If you haven’t received a letter, please complete the Cyber Incident form. Note that due to privacy considerations, if you are unable to verify your identity, we may not be able to help you.

We sincerely apologize for this incident and any concern it may have caused you. What we’re offering in terms of risk mitigation is considered best practice. The steps that will be set out in the notice letter are as follows:

• register for credit monitoring services and identity theft protection from TransUnion and Equifax (which will be in place for two years).
• separately notify the credit bureaus (Equifax and TransUnion) to place alerts on your credit file to be notified if new applications are made. Quebec residents may also ask the credit bureaus to freeze their credit file to prevent new applications. This also isn’t time-limited and will provide ongoing protection for any attempted credit applications.
• Monitor accounts for unusual transactions or changes and notify your financial institution immediately if you notice anything suspicious.
• remain vigilant against phishing attempts by phone, text, and email at work and on personal devices, including verifying any contact who reaches out to ask for personal information. For example, if you receive a call from your bank asking for information, hang up and call the number on the back of your bank card to verify.
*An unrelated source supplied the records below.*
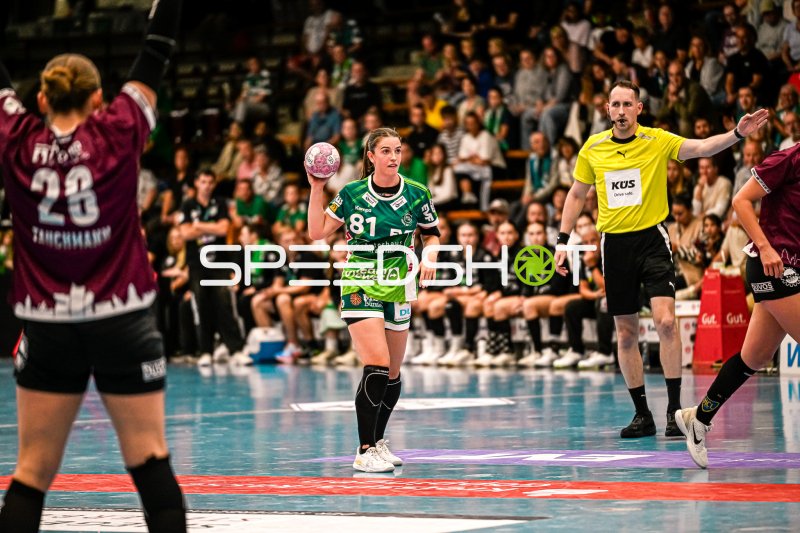 Lea Neubrander (#81; Frisch auf Göppingen) mit Ball in der EWS Arena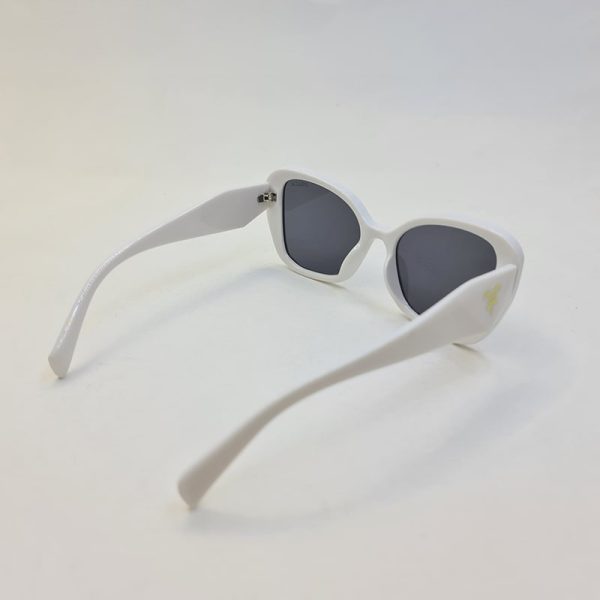 عکس از عینک آفتابی با فریم سفید و پروانه ای با دسته سه بعدی برند پرادا مدل d22909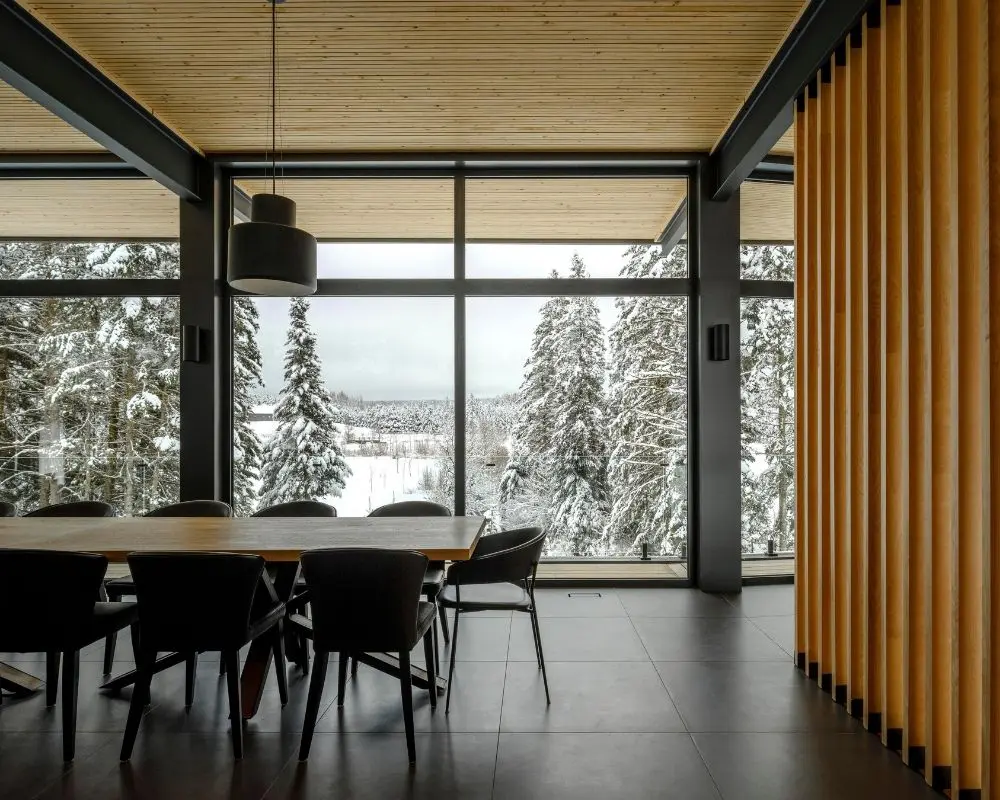 Una vivienda en madera y piedra pensada para envejecer con el entorno Una vivienda en madera y piedra pensada para envejecer con el entorno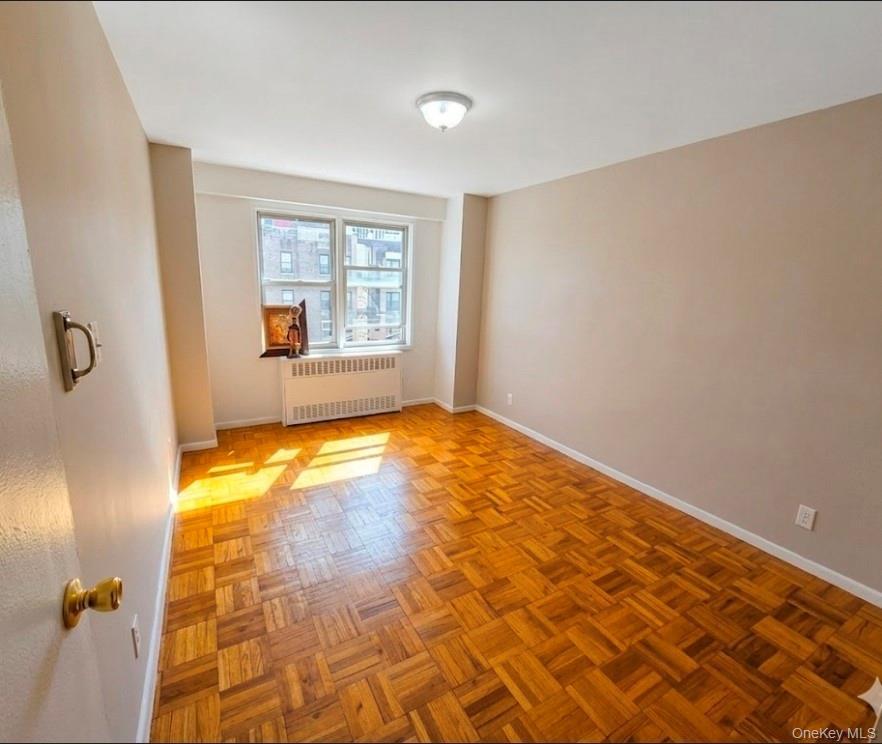 Coop Central Park  Westchester County, NY 10710, MLS-981226-7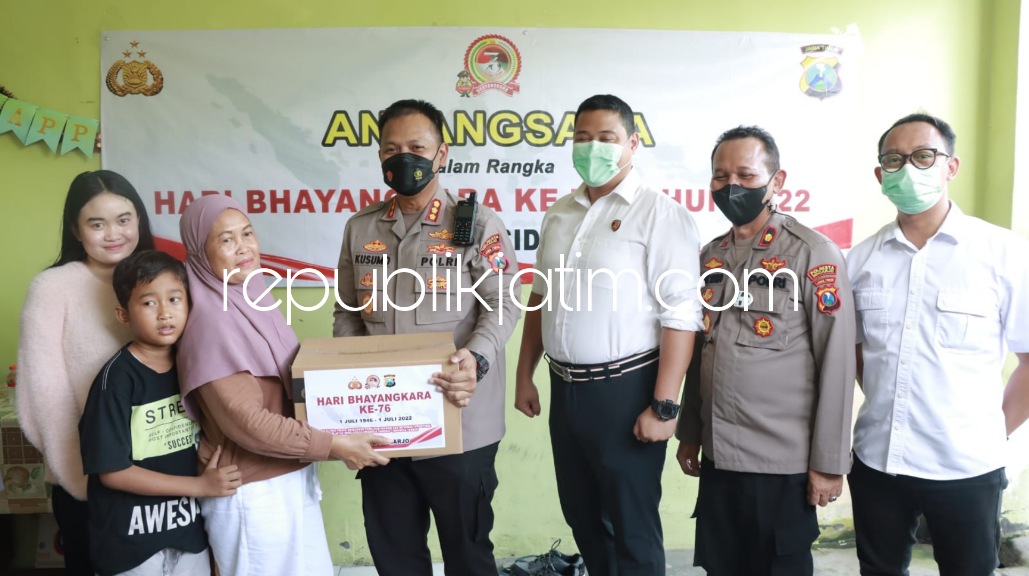 ANJANGSANA - Menjalang Hari Bhayangkara ke 76, Kapolresta Sidoarjo Kombes Pol Kusumo Wahyu Bintoro beserta pejabat utama dan Bhayangkari menggelar anjangsana ke anggota maupun purnawirawan Polri, Selasa (07/06/2022).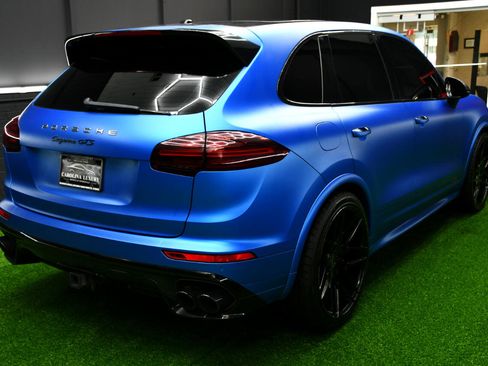 Used 2017 Porsche Cayenne GTS image 6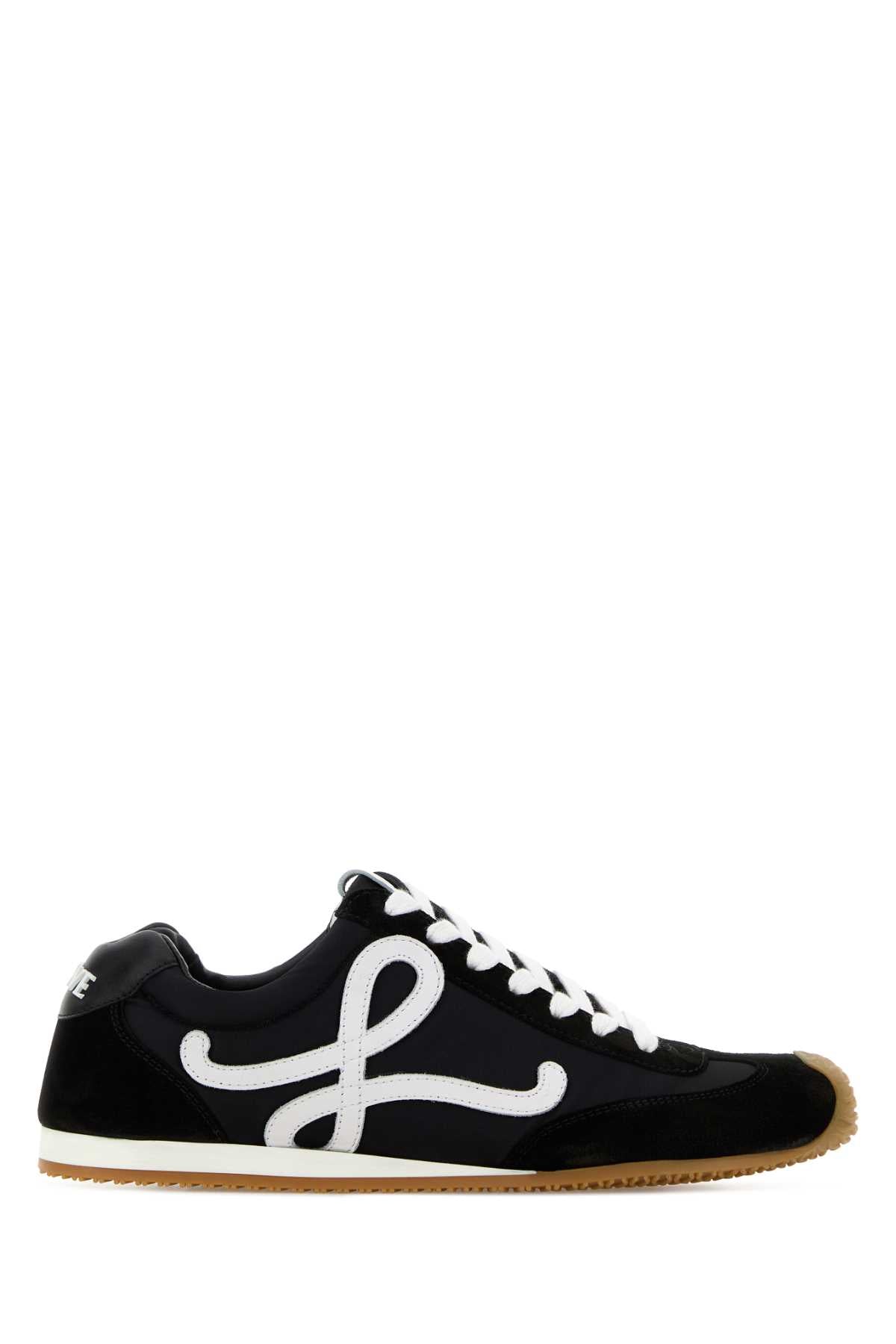 BALLET_RUNNER_20_LBR2282X36_BLACKWHITE_Image_1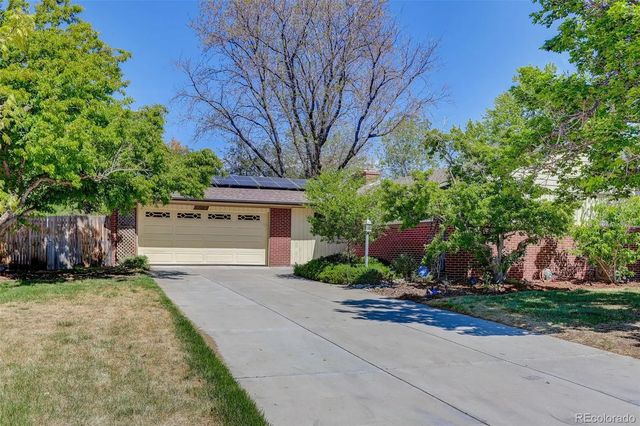 657 S Pontiac Way, Denver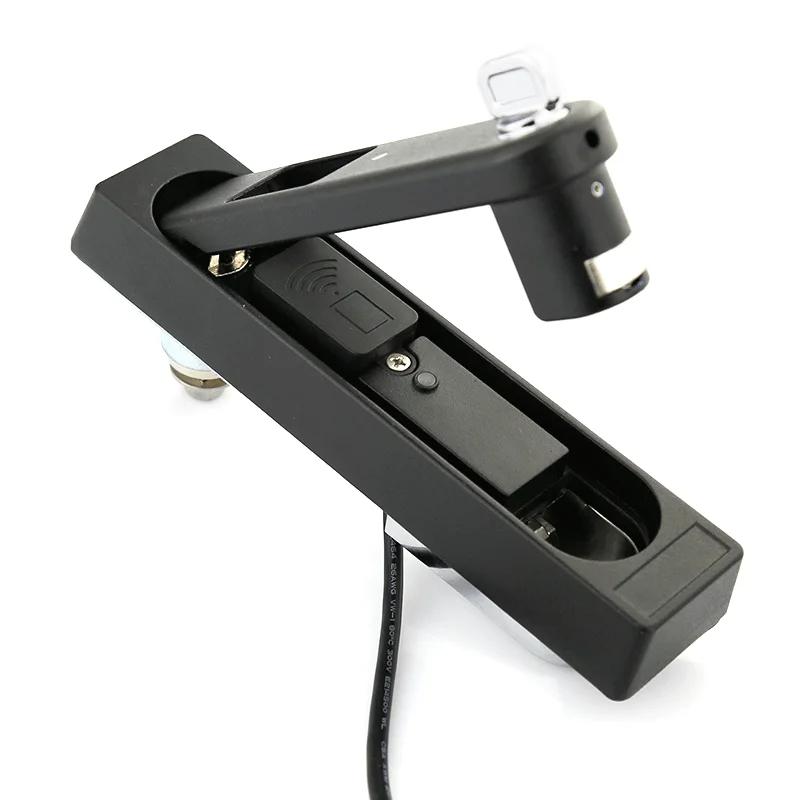 التحكم عن بعد تطبيق الهاتف المحمول يفتح قفل إلكتروني لخزانة الشبكة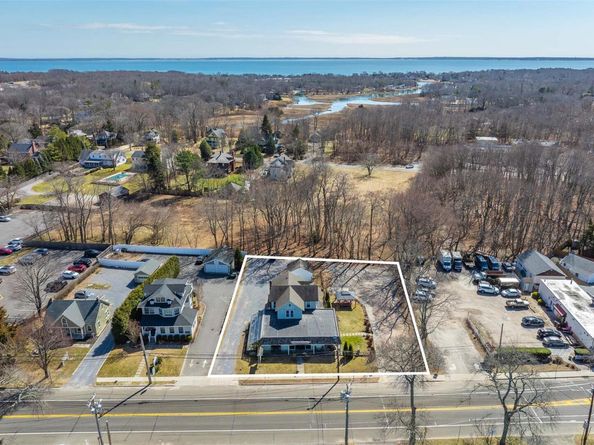 13100 Main Rd, Mattituck NY 11952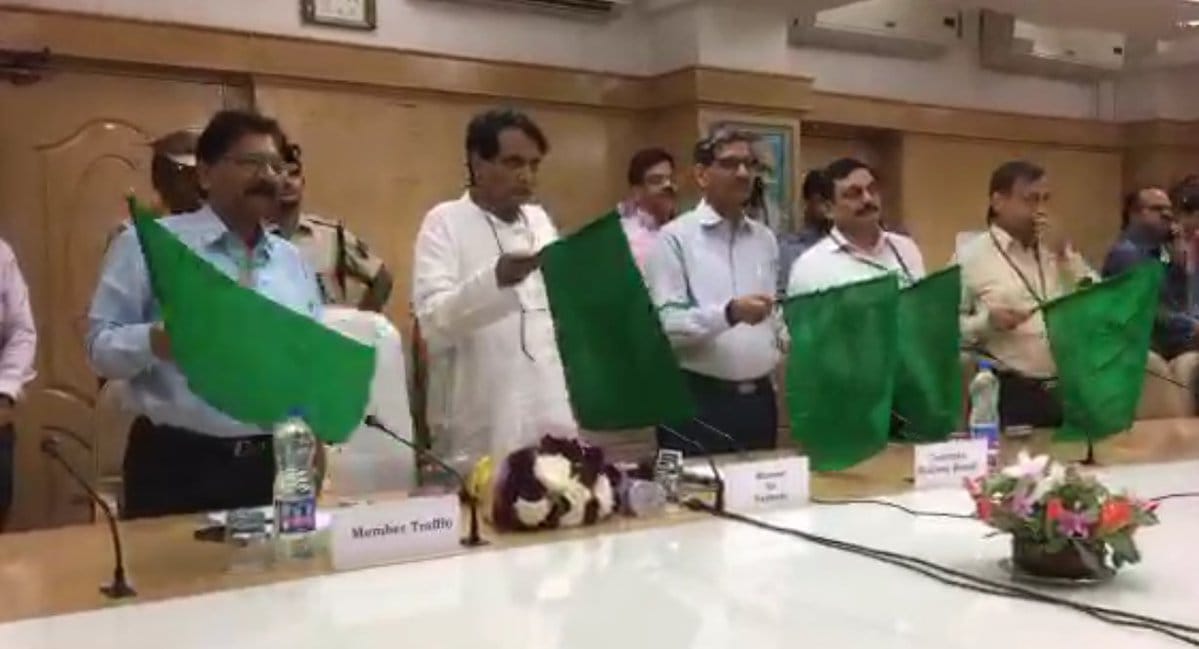 World human express Train from Varanasi to Hubli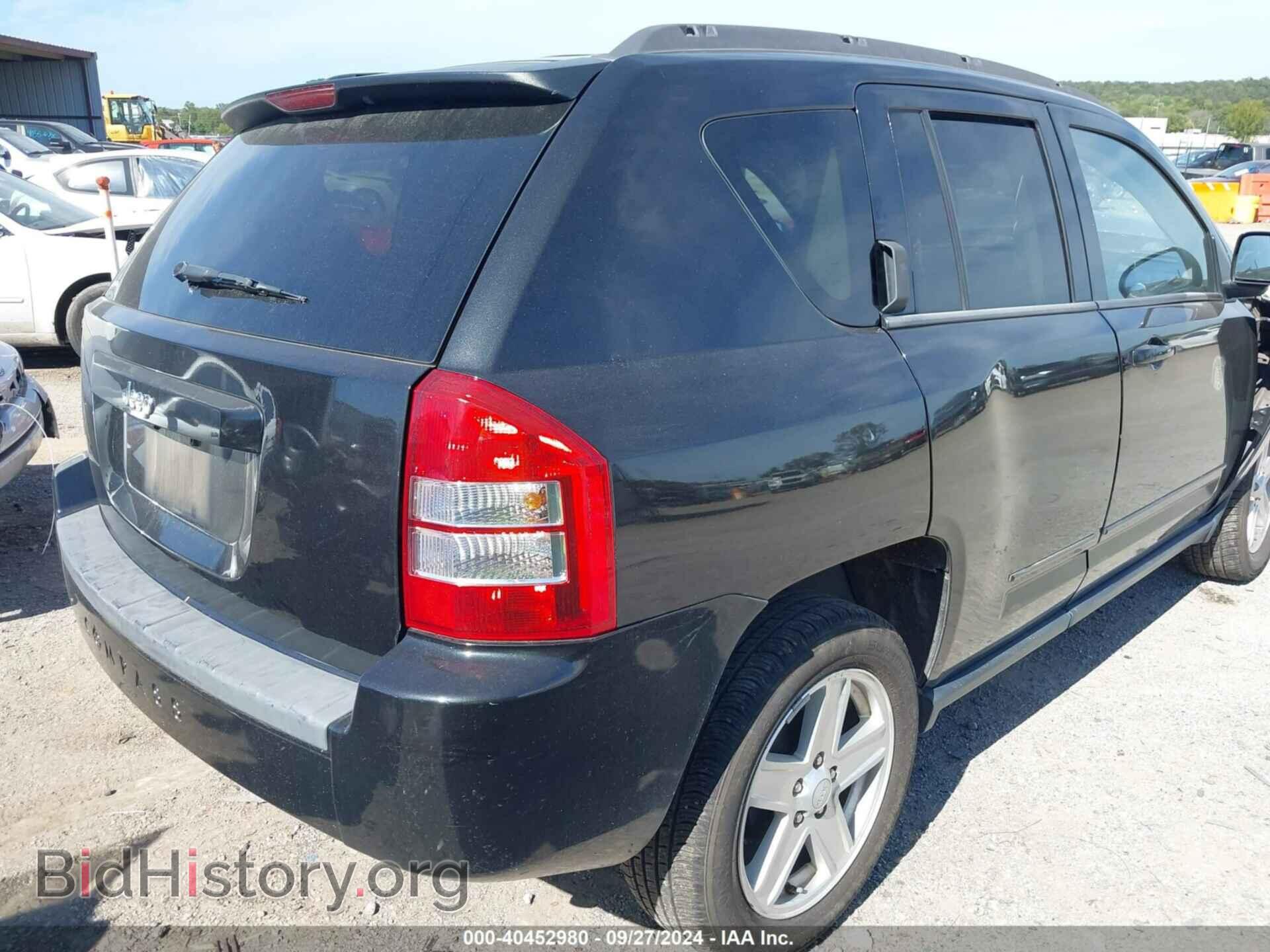 2010 JEEP COMPASS - VIN: 1J4NT4FB2AD549295 - Photo 4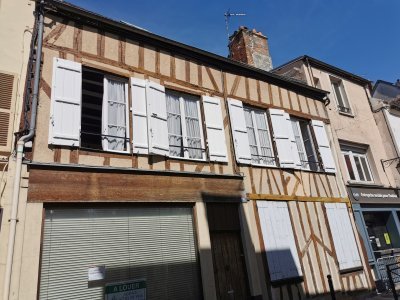 48.56054306027777,3.2973208425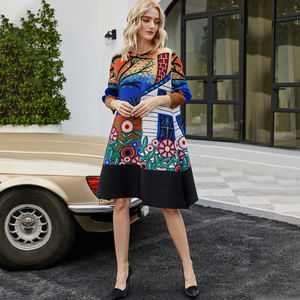 2021 primavera nuovo abito plissettato <span class=keywords><strong>a</strong></span> <span class=keywords><strong>tre</strong></span> <span class=keywords><strong>quarti</strong></span> <span class=keywords><strong>con</strong></span> collo rotondo stampato di grandi dimensioni - Product Image 3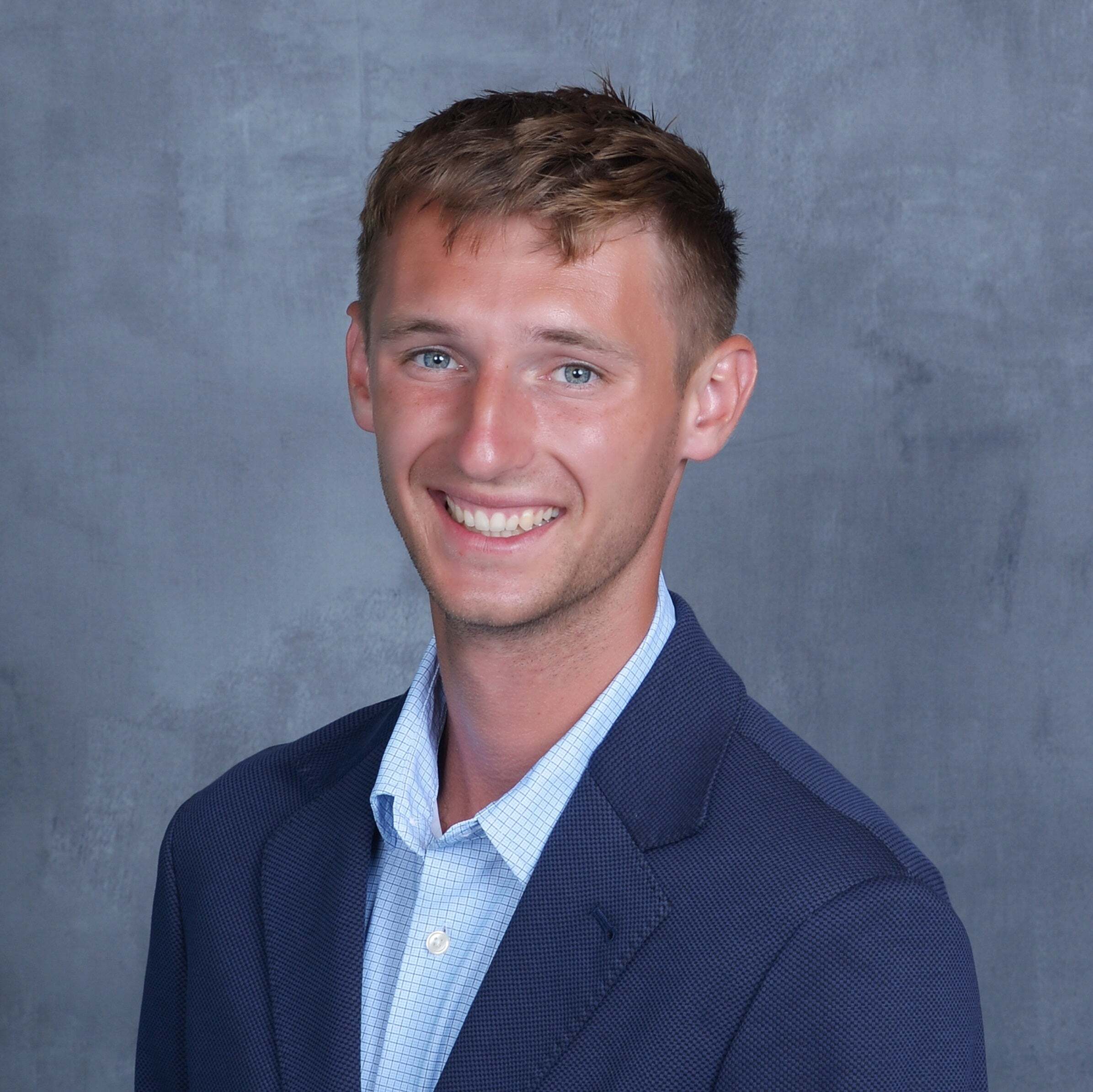 Dominick Cuchran,  in Homer Glen, Real Estate Group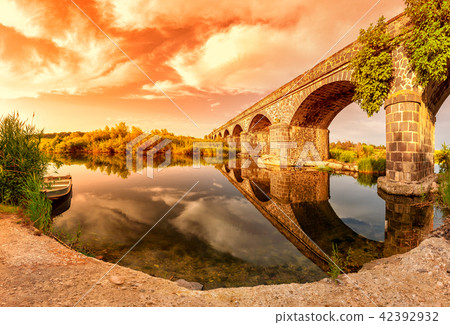 Overview at sunset of the Ancient Bridge Overview at sunset of the Ancient Bridge 42392932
Individuals will be able to benefit from the services if they have a Canadian credit bureau file. This would be the case even if they’re currently out of the country. If they do not have a Canadian credit bureau file, they won’t be able to use the services. The authentication questions they will be asked during enrolment are based on what’s in their Canadian credit file (e.g. confirming what Canadian bank they have a loan with, if any.) If you are unable to access any services, please contact MembershipServices@ciro.ca.

We have provided both services for individuals. Please open accounts with both credit bureaus.

A TransUnion representative should be able to assist with deactivating your previous monitoring service. You may reach out to the dedicated support line in your notification letter and specify this with the agent. The agent can then assist you by canceling your current monitoring service to allow you to sign up for the most recent one.

If you are not able to complete your authentication questions with the anticipated responses, the system will generate an error message and prompt you to contact an agent. The agent will be able to complete the authentication process with you, allowing you to register for services.

All impacted individuals should follow the risk-mitigation steps outlined in the letter. If you provided your passport number in NRD, it does not need to be replaced. However, if you become aware that your passport number is being misused, you should report it to the government immediately. The identity theft insurance services provided can assist you with this process.

There have been media reports that TransUnion itself was breached recently. This relates to a TransUnion USA vendor breach. The Canadian TransUnion credit bureau was not breached. You are not putting your data at risk by registering for the credit monitoring services that will be offered.

The letter you received includes a dedicated call centre number. Please note that CIRO staff may not be in a position to provide additional information; as far as possible, please direct your inquiries to the call centre.